I wonder if it is possible for "abc" is terminated without '\0'?

[Russco]

Code:

char s[3] = { 'a','b','c' };

Is one way of accomplishing that.

[LarryChen]

Code:

char s[3] = { 'a','b','c' };

Is one way of accomplishing that.

That is cool. Any other way? Thanks.

[jnmacd]

Code:

char s[3];
memcpy(s, "ABC", 3);

This is asking for trouble unless you know what you are doing...

[S_M_A]

No char s[3] = "abc" is not legal since "abc" is a const char* (or at least considered as const).

[superbonzo]

No char s[3] = "abc" is not legal since "abc" is a const char* (or at least considered as const).

the problem is not the fact that "abc" is a const literal; you can initialize fixed size char arrays with a const literal; the problem is that the to be initialized array must have sufficient characters to store the literal, including the null terminator;

for example, "char s[3] = "abc";" does not compile, but "char s[4] = "abc";", "char s[5] = "abc";", ... does compile and it's legal.

[S_M_A]

Eh, totally messed this up in my head...
Have lately changed a lot of legacy code due to deprecated warnings about char* being assigned with string literals. Seems like that has gotten to me worse than I thought...

[Feoggou]

I tried to compile it in VC++ 6.0, there is a compiler error. But a string could be terminated without '\0', couldn't it? Thanks.

why aren't you just writing:

Code:

char s[] = "abc";

?

but if you really don't want to waste that one byte (which is the '\0' character) you can also write like this:

Code:

char s[3];
s[0] = 'a';
s[1] = 'b';
s[2] = 'c';

it's pretty the same way as what Russco said ( char s[3] = { 'a','b','c' }; ) only that by the method I've shown you write a bit more.

[Speedo]

I wonder if it is possible for "abc" is terminated without '\0'?
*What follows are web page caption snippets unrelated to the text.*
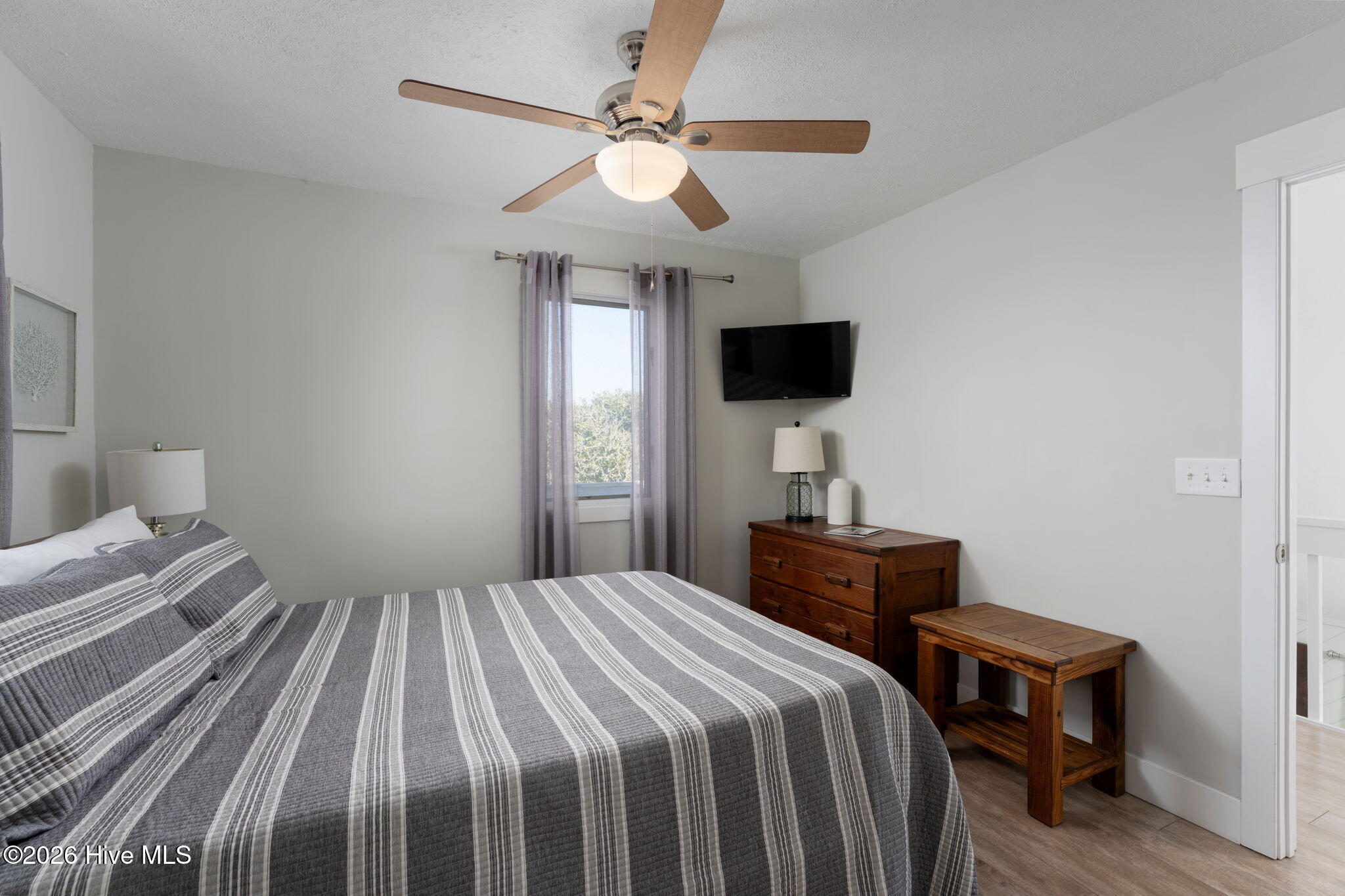 100552725 | Photo 32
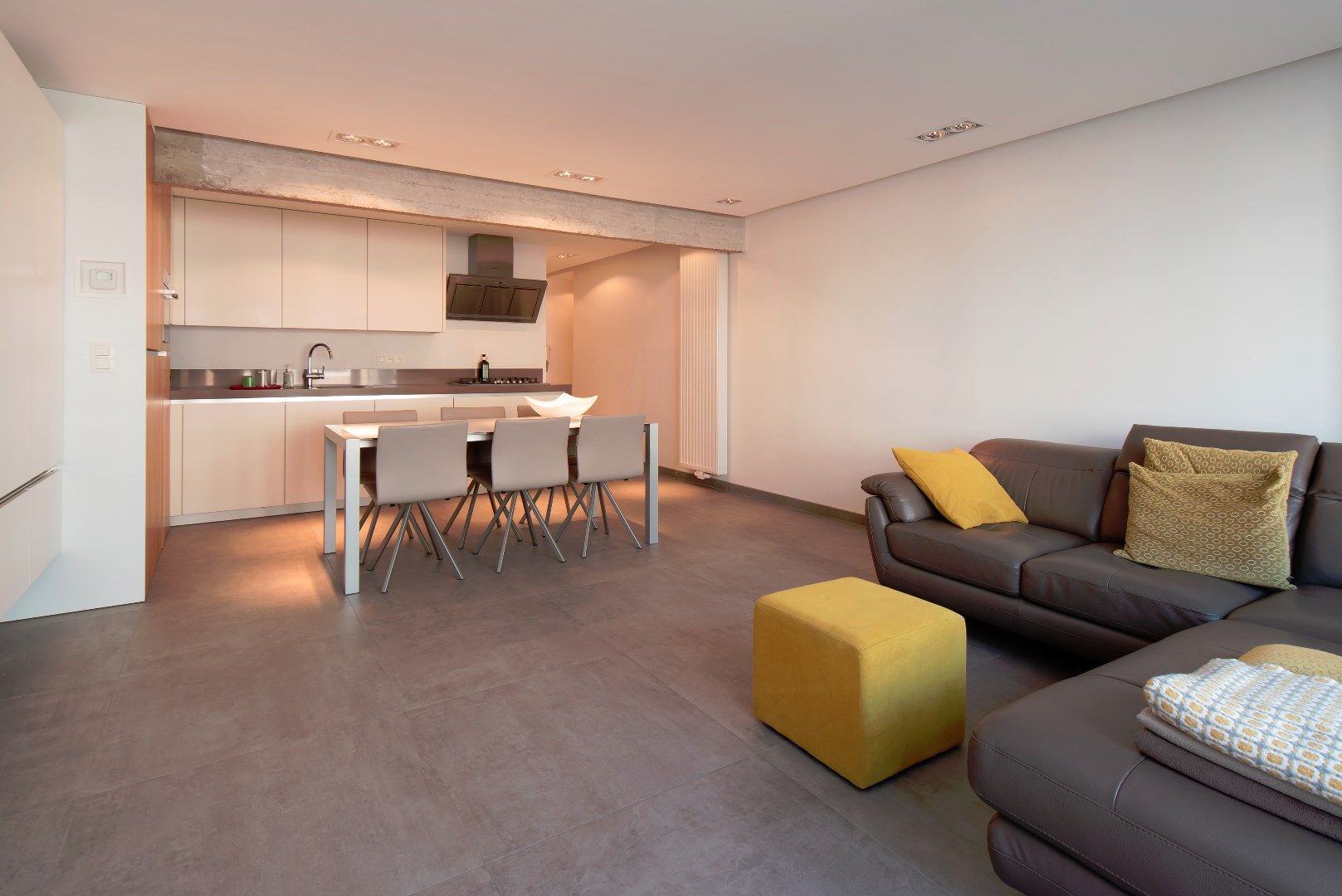 Zeer ruim en prachtig afgewerkt 3 slaapkamerappartement op enkele stappen van de Zeedijk van Middelkerke foto 5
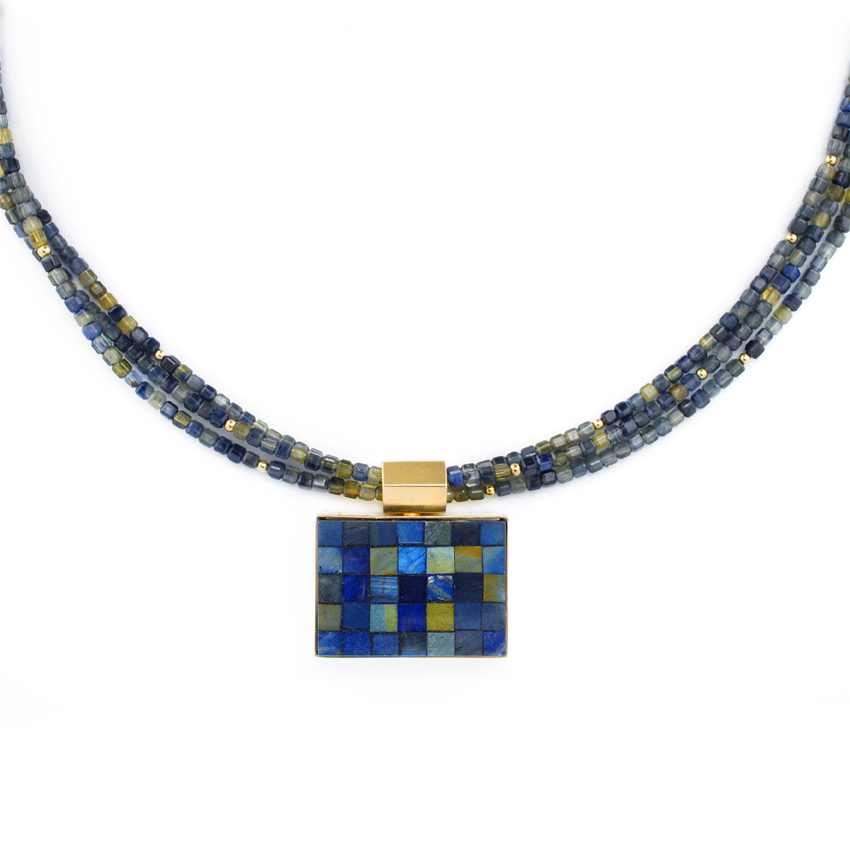 Collier in 750/°°° Gold mit Labradoritmosaik und Safirketten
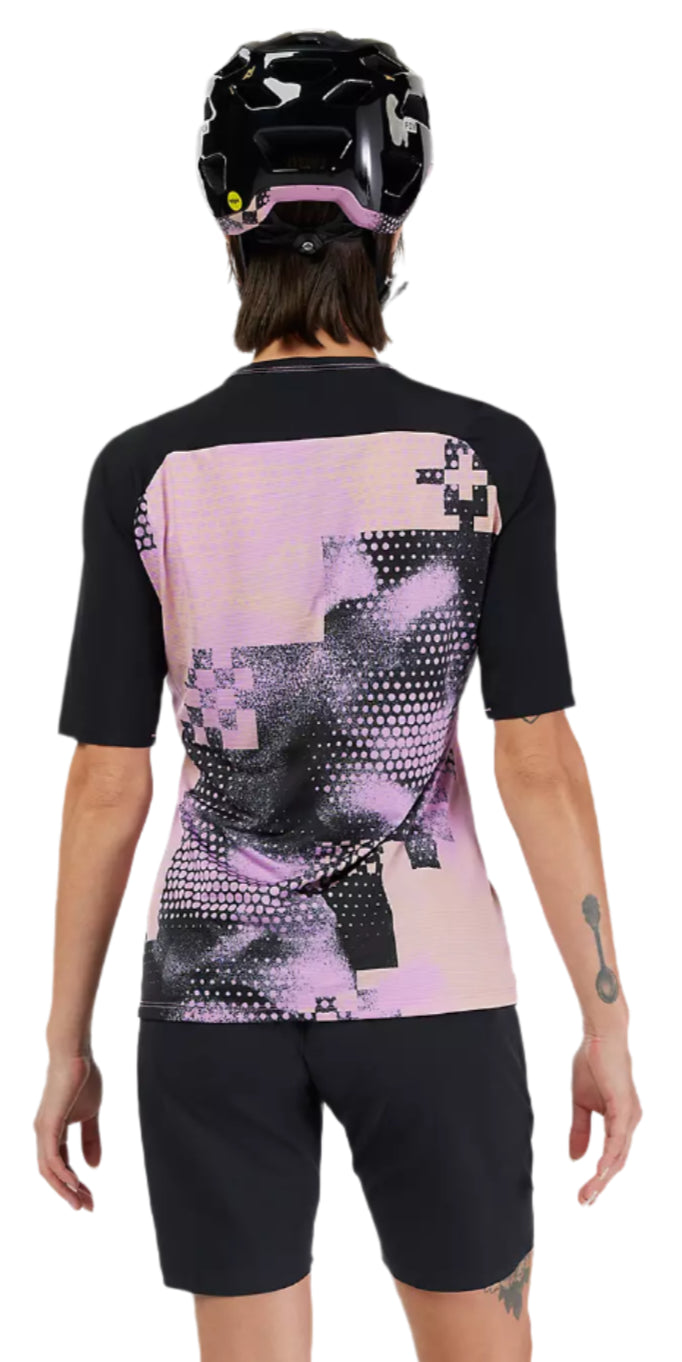 Fox Womens Flexair Ascent SS PULSE Dust Rose BACK FACING MODEL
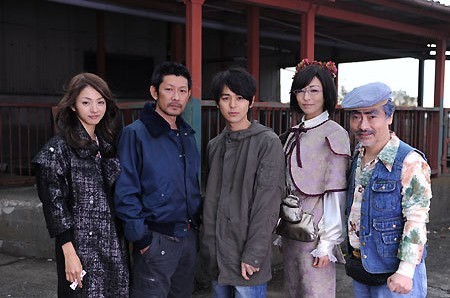 左起满岛光,永濑正敏,妻夫木聪,松雪泰子,我修院达也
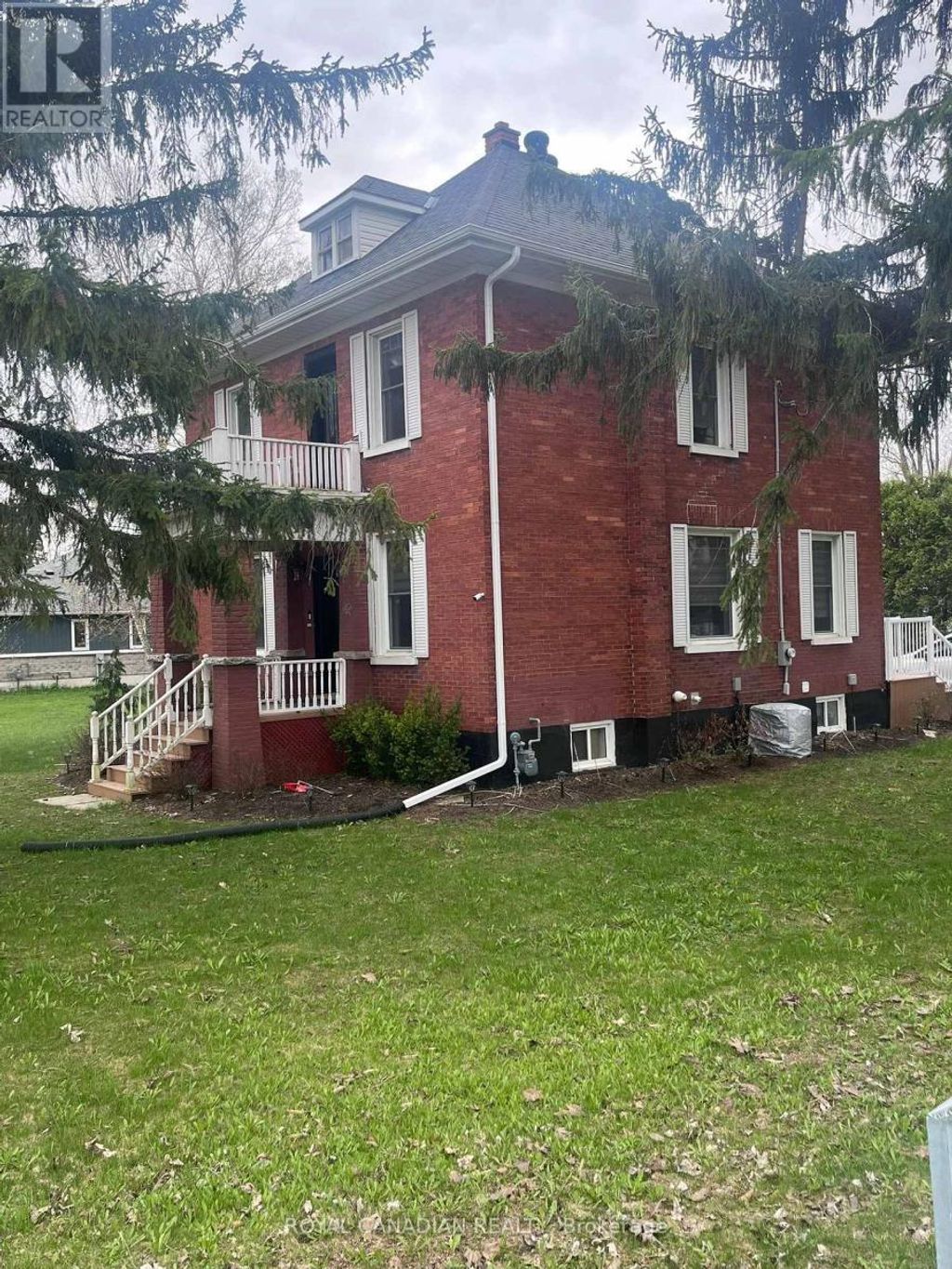 131 Elora Street N, Minto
Sure it's possible. But why would you want to? The concept of c-style strings revolves around them being null-terminated. The only time I can think of when you might even think about doing it is in the internals of a string class. In pretty much any other circumstance, you're just making more work for yourself.

[ninja9578]

Eh, totally messed this up in my head...
Have lately changed a lot of legacy code due to deprecated warnings about char* being assigned with string literals. Seems like that has gotten to me worse than I thought...

We've all done that, I still have some legacy code which does that.

[laserlight]

Well, in C, this is valid:

Code:

char s[3] = "abc";

being equivalent to:

Code:

char s[3] = {'a', 'b', 'c'};

But I don't consider it advisable since readers may ask if it is valid.